— The problem —
Your copy of the listing must be exact and must hold no images.

(Dataset excerpts begins)

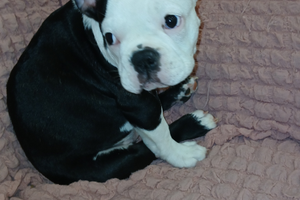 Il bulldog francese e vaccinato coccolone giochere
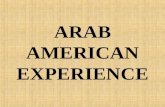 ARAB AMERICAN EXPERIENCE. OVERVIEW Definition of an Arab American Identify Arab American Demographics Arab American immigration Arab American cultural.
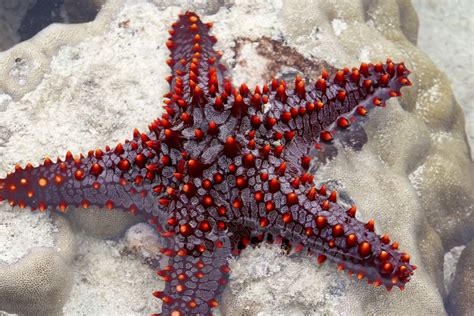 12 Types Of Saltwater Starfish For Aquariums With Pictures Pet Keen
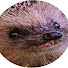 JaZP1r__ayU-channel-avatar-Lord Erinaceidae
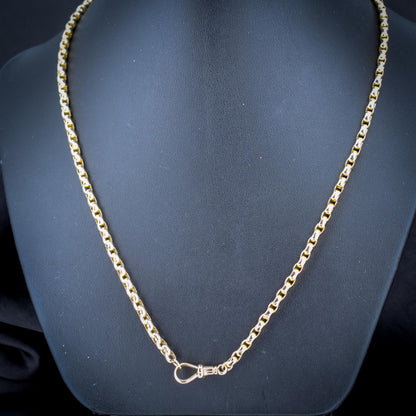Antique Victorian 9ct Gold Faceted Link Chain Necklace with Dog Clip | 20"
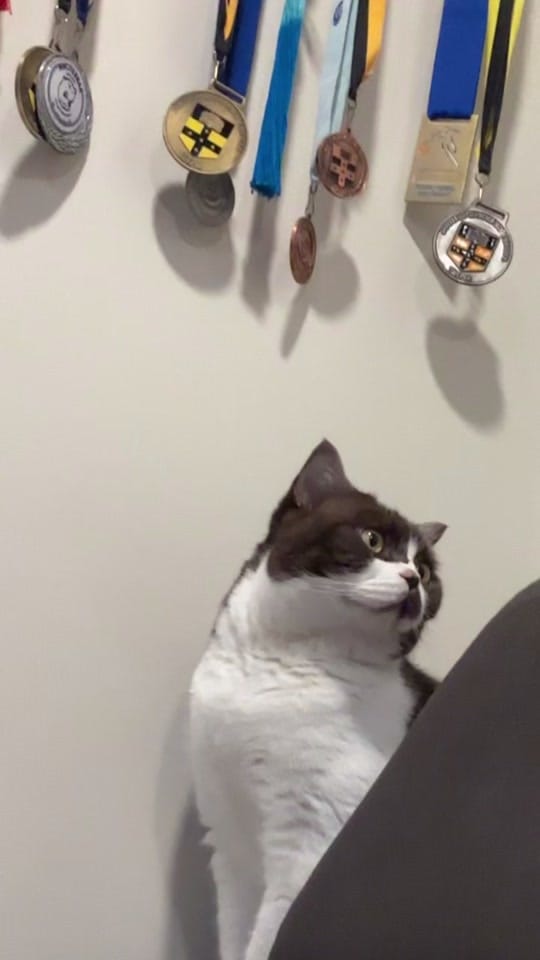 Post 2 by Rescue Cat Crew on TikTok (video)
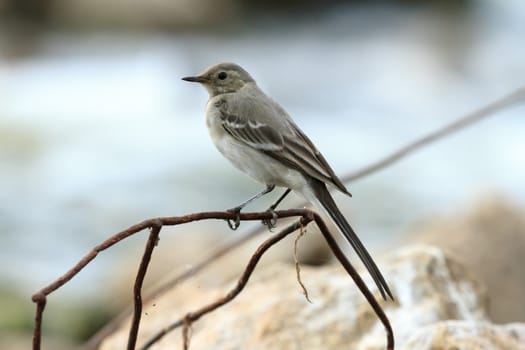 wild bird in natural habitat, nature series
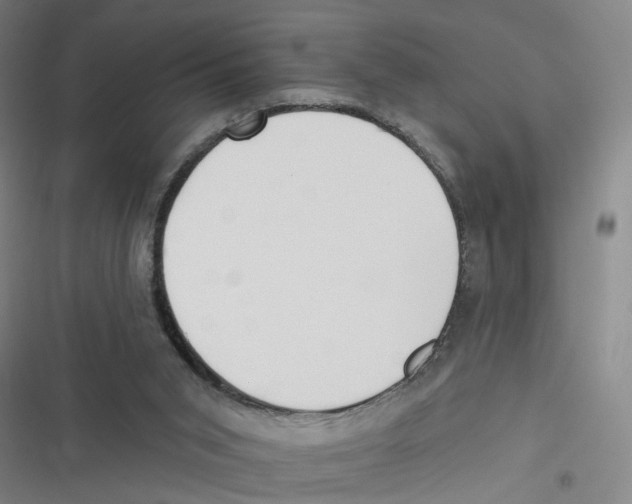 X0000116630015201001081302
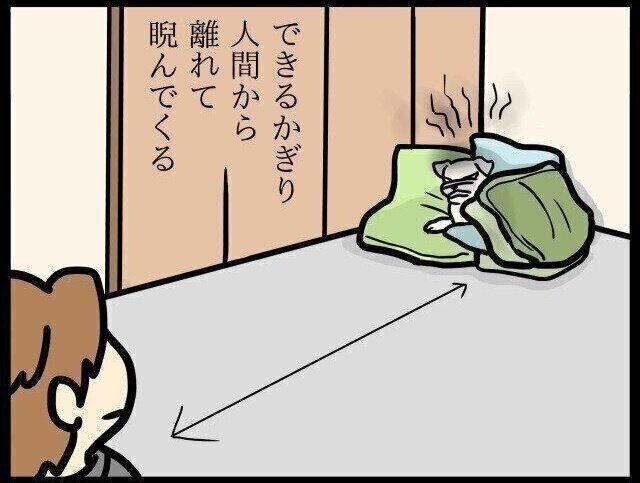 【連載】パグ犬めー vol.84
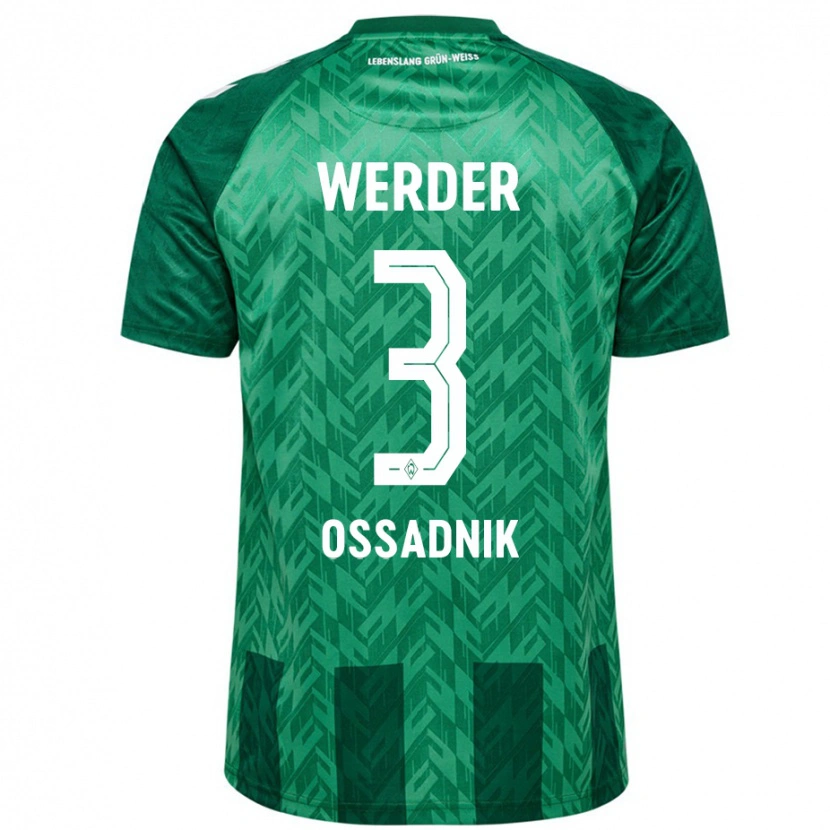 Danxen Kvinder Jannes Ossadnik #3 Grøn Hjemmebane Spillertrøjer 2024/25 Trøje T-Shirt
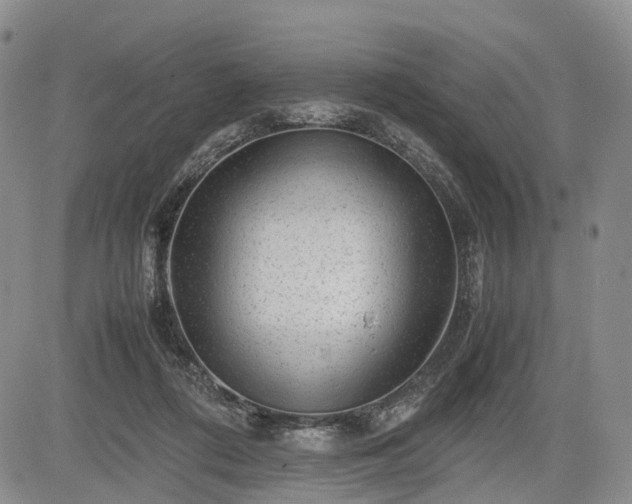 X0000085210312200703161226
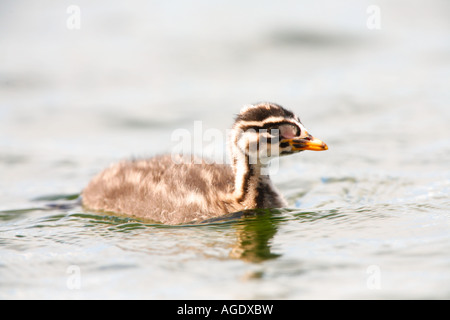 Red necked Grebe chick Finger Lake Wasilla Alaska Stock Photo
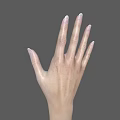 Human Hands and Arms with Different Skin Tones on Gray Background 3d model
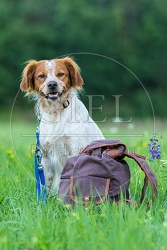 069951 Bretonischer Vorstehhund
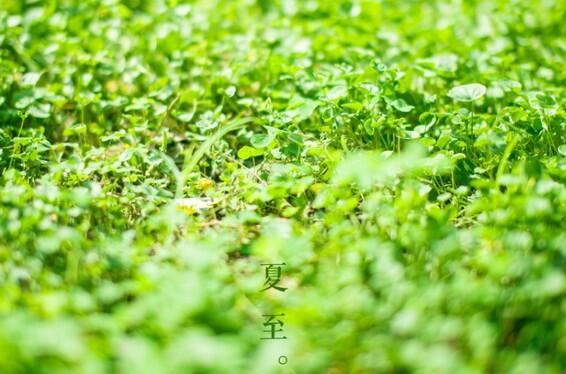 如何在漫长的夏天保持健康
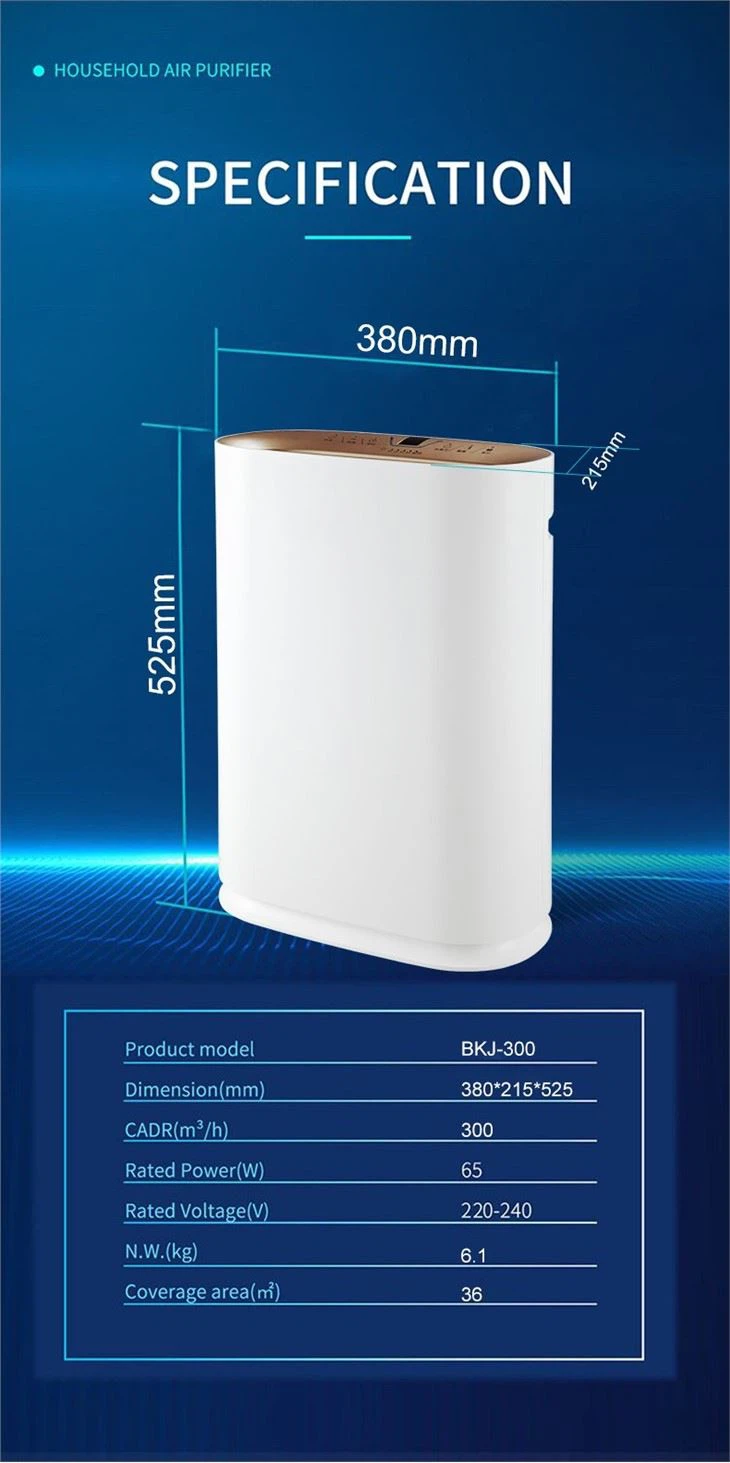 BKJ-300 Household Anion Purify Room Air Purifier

(Dataset excerpts ends)

— Finished task —
 Il bulldog francese e vaccinato coccolone giochere
 ARAB AMERICAN EXPERIENCE. OVERVIEW Definition of an Arab American Identify Arab American Demographics Arab American immigration Arab American cultural.
 12 Types Of Saltwater Starfish For Aquariums With Pictures Pet Keen
 JaZP1r__ayU-channel-avatar-Lord Erinaceidae
Antique Victorian 9ct Gold Faceted Link Chain Necklace with Dog Clip | 20"
 Post 2 by Rescue Cat Crew on TikTok (video)
 wild bird in natural habitat, nature series
 X0000116630015201001081302
 【連載】パグ犬めー vol.84
 Danxen Kvinder Jannes Ossadnik #3 Grøn Hjemmebane Spillertrøjer 2024/25 Trøje T-Shirt
 X0000085210312200703161226
 Red necked Grebe chick Finger Lake Wasilla Alaska Stock Photo
 Human Hands and Arms with Different Skin Tones on Gray Background 3d model
 069951 Bretonischer Vorstehhund
 如何在漫长的夏天保持健康
 BKJ-300 Household Anion Purify Room Air Purifier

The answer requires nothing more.